• **TASK INSTRUCTIONS**:
In the material below, find the line with "MM6 Weiße Sneaker aus Nylon im Athletic-Look" and the line with "TRACON Sursă de". Output exactly those two lines and all lines between them, leaving out pictures.

(RECORDS FOR PROCESSING)

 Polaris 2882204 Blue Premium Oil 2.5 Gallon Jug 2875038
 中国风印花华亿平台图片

(End RECORDS FOR PROCESSING)
(RECORDS FOR PROCESSING)

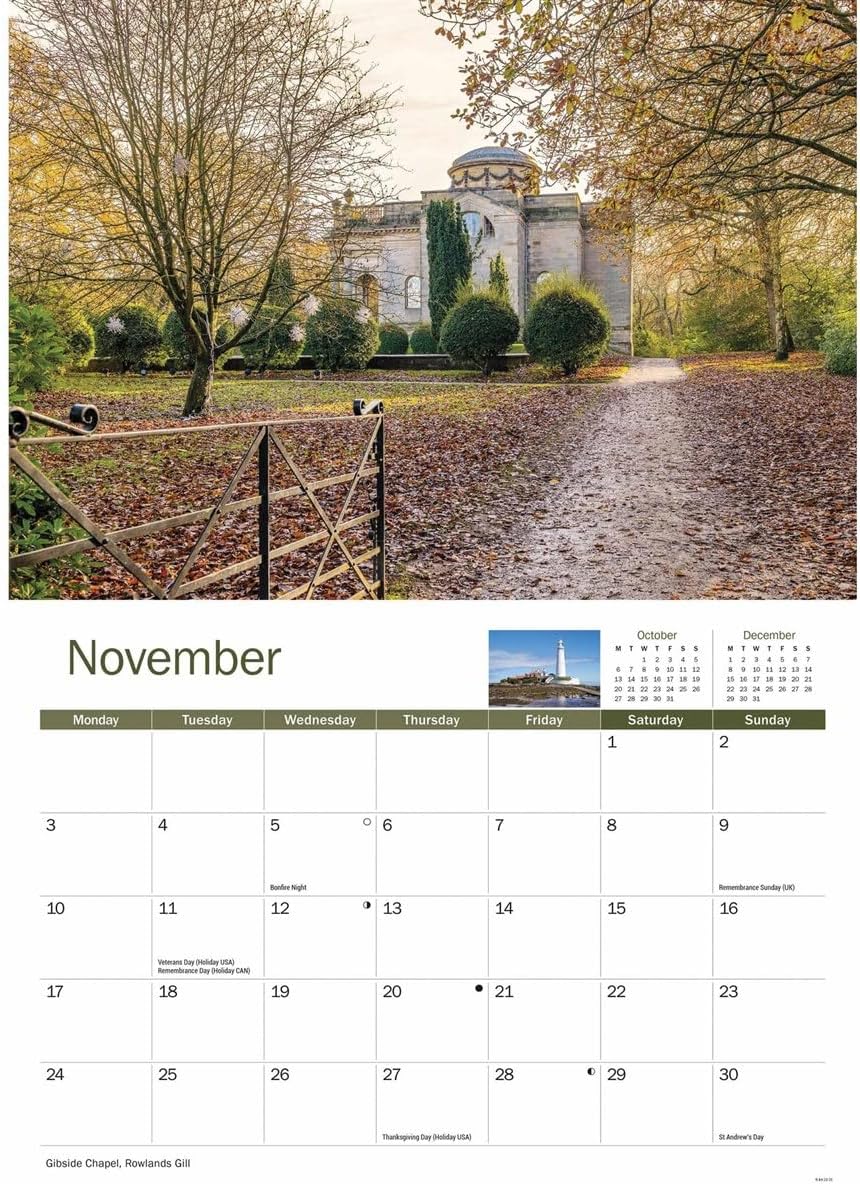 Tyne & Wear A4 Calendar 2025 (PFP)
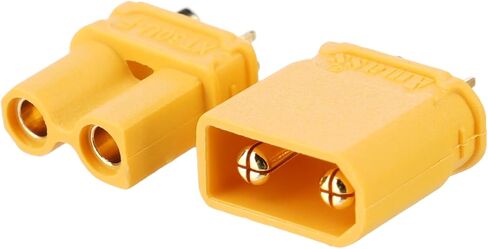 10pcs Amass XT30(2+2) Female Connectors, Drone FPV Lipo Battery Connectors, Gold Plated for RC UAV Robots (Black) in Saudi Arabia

(End RECORDS FOR PROCESSING)
(RECORDS FOR PROCESSING)

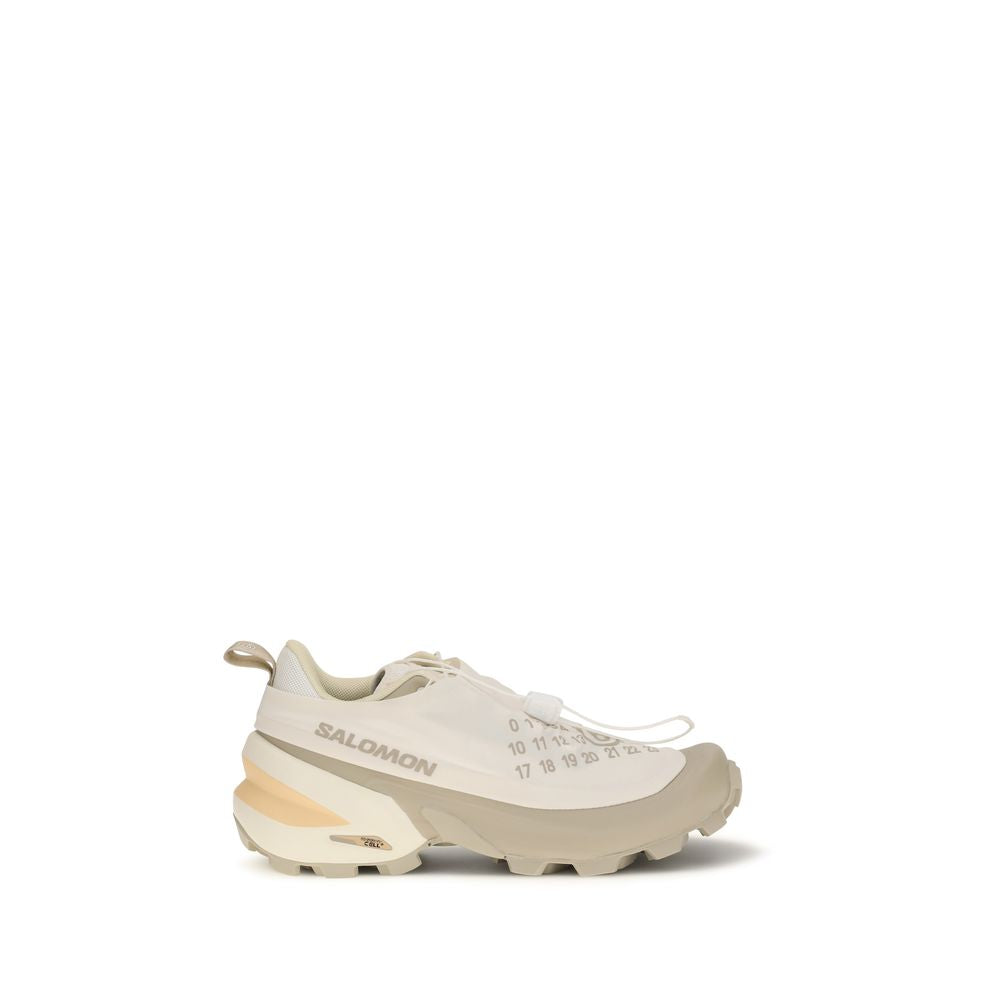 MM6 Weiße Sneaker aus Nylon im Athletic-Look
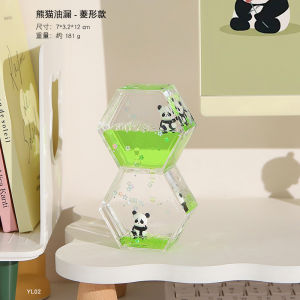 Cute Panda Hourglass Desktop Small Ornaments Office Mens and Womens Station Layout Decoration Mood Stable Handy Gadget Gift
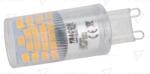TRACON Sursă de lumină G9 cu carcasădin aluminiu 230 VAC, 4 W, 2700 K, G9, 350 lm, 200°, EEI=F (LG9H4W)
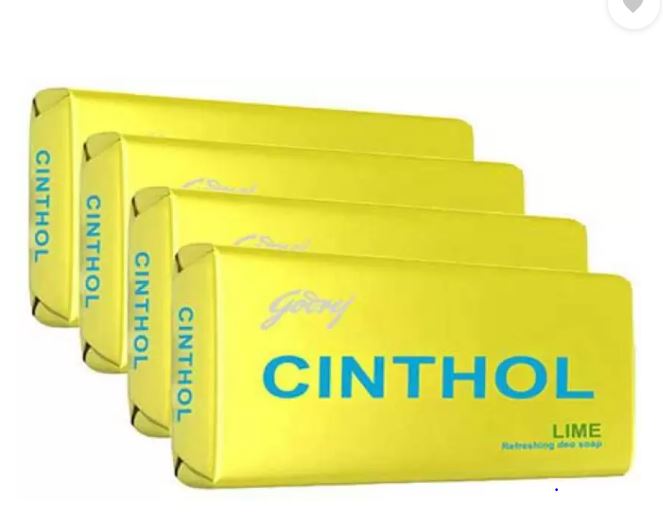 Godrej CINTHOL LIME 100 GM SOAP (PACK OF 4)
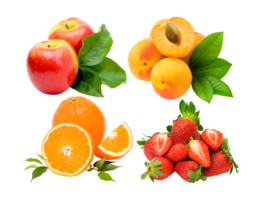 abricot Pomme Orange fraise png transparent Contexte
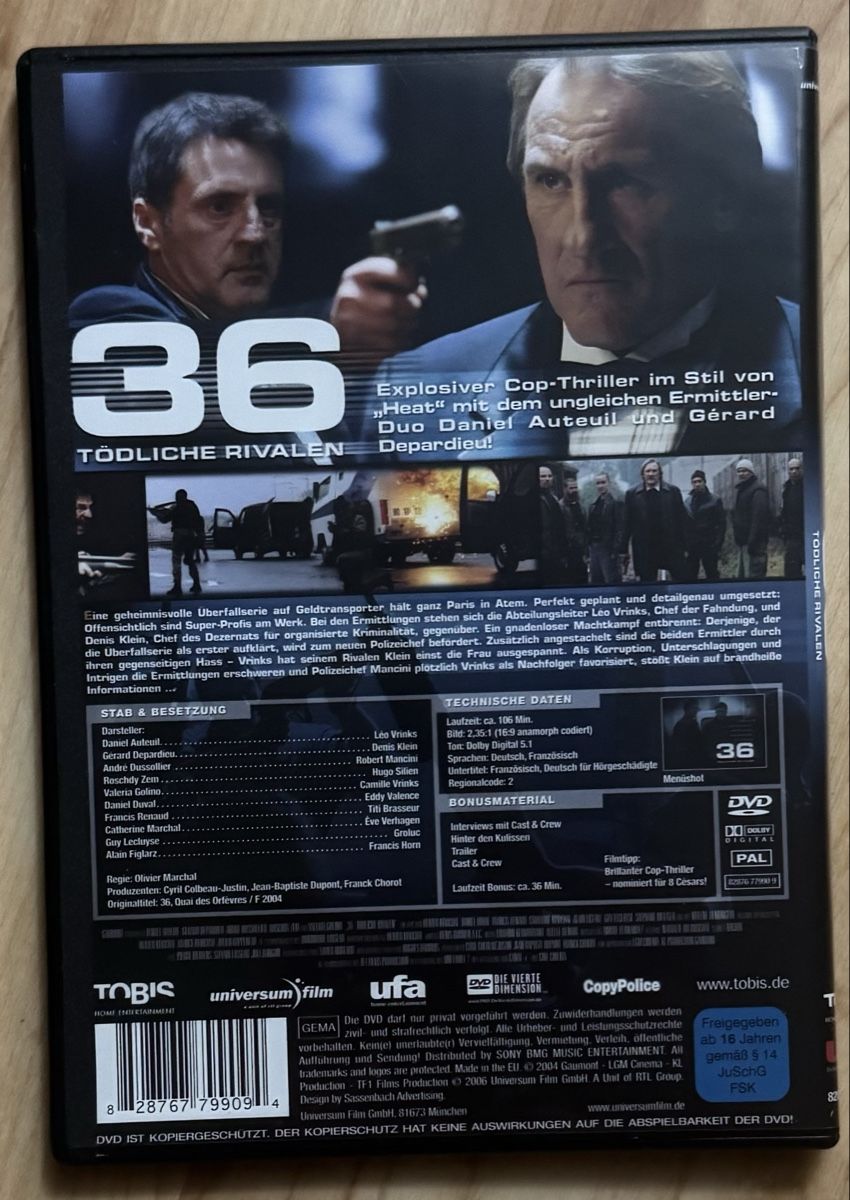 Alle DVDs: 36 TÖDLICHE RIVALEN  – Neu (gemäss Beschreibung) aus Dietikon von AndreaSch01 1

(End RECORDS FOR PROCESSING)

• **EXERCISE RESULT**:
 MM6 Weiße Sneaker aus Nylon im Athletic-Look
 Cute Panda Hourglass Desktop Small Ornaments Office Mens and Womens Station Layout Decoration Mood Stable Handy Gadget Gift
TRACON Sursă de lumină G9 cu carcasădin aluminiu 230 VAC, 4 W, 2700 K, G9, 350 lm, 200°, EEI=F (LG9H4W)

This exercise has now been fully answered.